"I understand all poetics; I could talk about all of them if I didn’t change my mind every five minutes. I don’t know. Someday I could really like bad poetry, like the way I (we) madly love bad music. I will burn the Parthenon at night so I can start erecting it again in the morning and never finish it."
Lorca could really save me from my dogmatism, even from my dogmatism about his own work!
The "horizon" of interpretation can mean two things in hermeneutics. We could think of it as a kind of finitude: we see up to there, and no further. We are limited by our time and place, our prejudices and preconditions.
More optimistically, as Lorca says, "in eternity we will receive the reward of not having had horizons." There is no absolute such as thing as a horizon, because we never reach it.
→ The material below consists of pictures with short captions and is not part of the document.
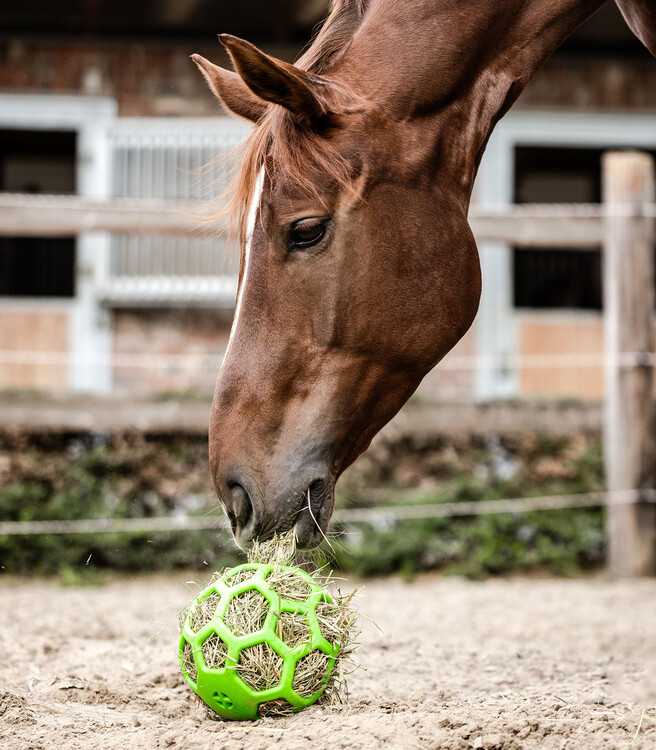 Waldhausen Hooibal Green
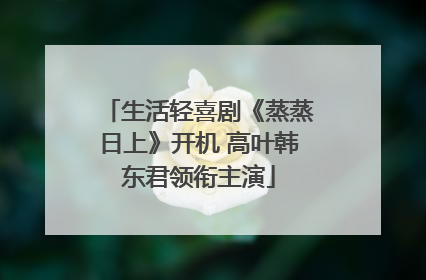 生活轻喜剧《蒸蒸日上》开机 高叶韩东君领衔主演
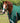 Premier Equine Buster Zero Turnout Rug with Classic Neck Cover - Equine Horse Wear 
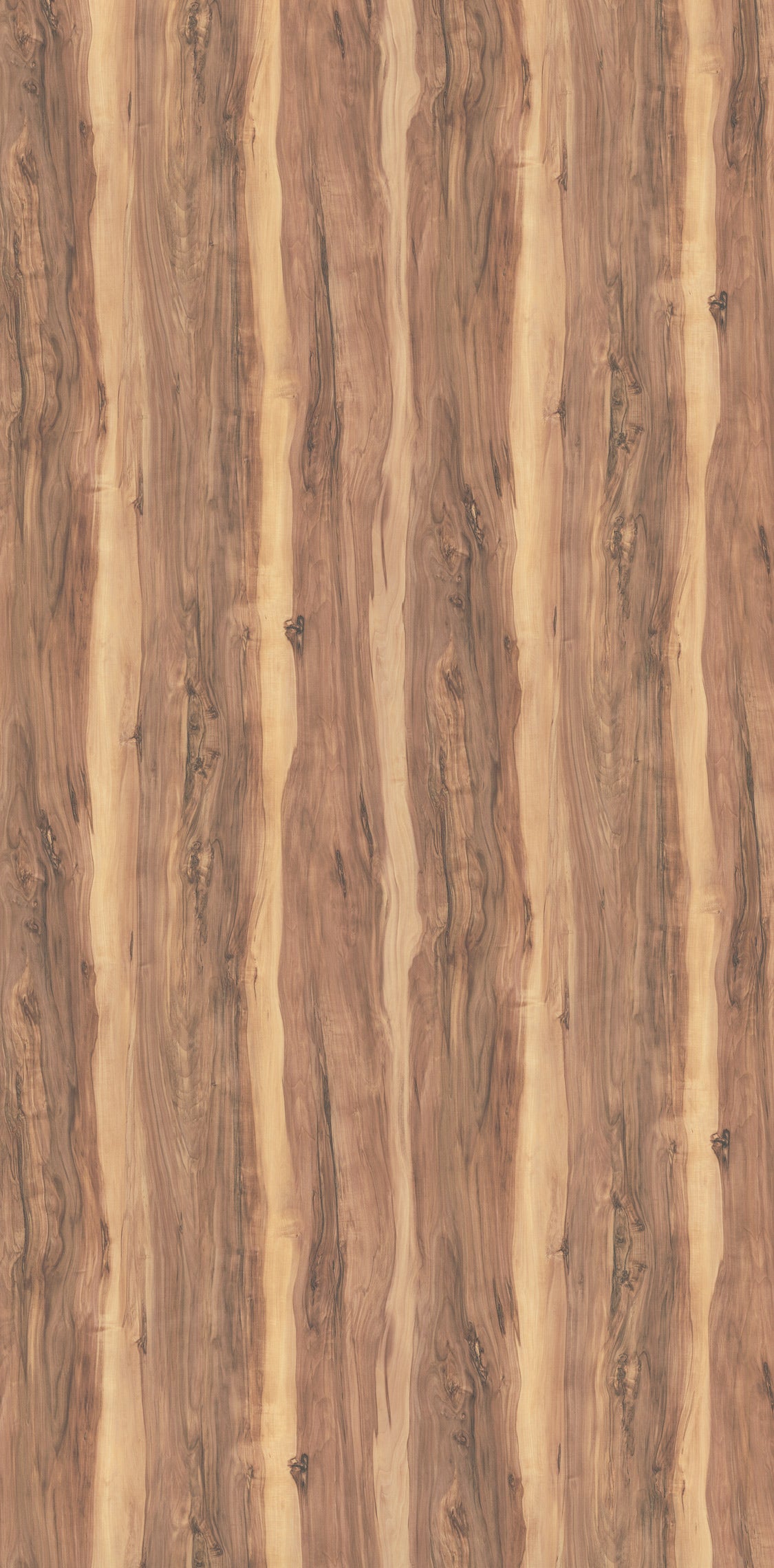 WS636 Pristine Cedar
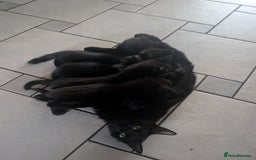 Brazilian Shorthair cats for sale: Beautiful  black  cat  - Image 5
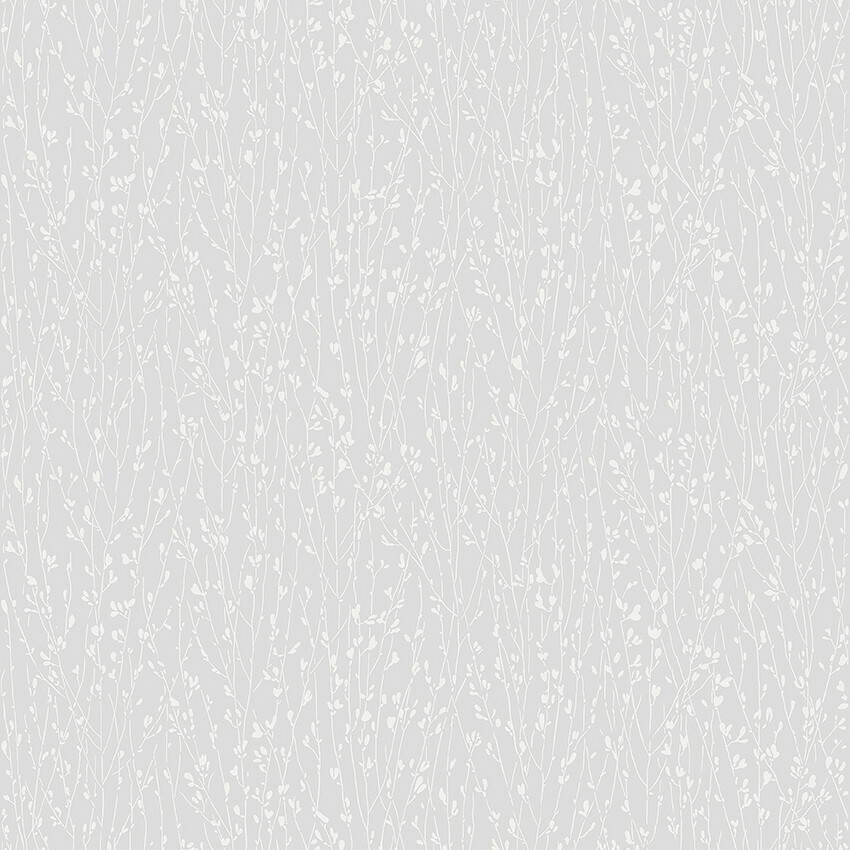 Picture of Elias - 38714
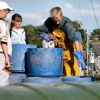 Crab catch, Weymouth, Dorset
It is an imaginary line in the distance, that, as we move along, shifts with us, as Gadamer in his old age explained to Derrida.
We are radically who we are, where we are, and nothing more. There is sense of limitation, as in Robert Creeley's poetry. The sense where Creeley's "fact" that if it is Saturday it is only Saturday, that life must be lived in its temporal concreteness, intersects with the facticity of Heidegger's "thrownness." At the same time, what makes this realization poignant is the imagination of it being otherwise. I constantly have the thought of "why am I me?" Why am I the person I have to carry around and take care of all the time. Why am I thrown into this particular life? It seems rather arbitrary that I am alive and myself. Without this consciousness of the strangeness of it all, the Dasein becomes rather trivial. Maybe that's where Rilke's untranslated world comes in. You think that you would rather be like an animal, just fully present in the moment at all times. But isn't it better to aspire to that and never reach that particular horizon? To experience that gap? We might call it the gap between Creeley and Rilke.
That's why I hate Lorca criticism that tries to find the key to understanding everything in one particular factor. I can be against reductionism and still open minded.
This post is what I have to write tomorrow as a few actual paragraphs of my book. By writing it I have discovered the existential reason for writing this book. I have always thought that the subject of poetry is just this: the sense of awe at being alive at all. If my critical work is informed by that, then I will be fine.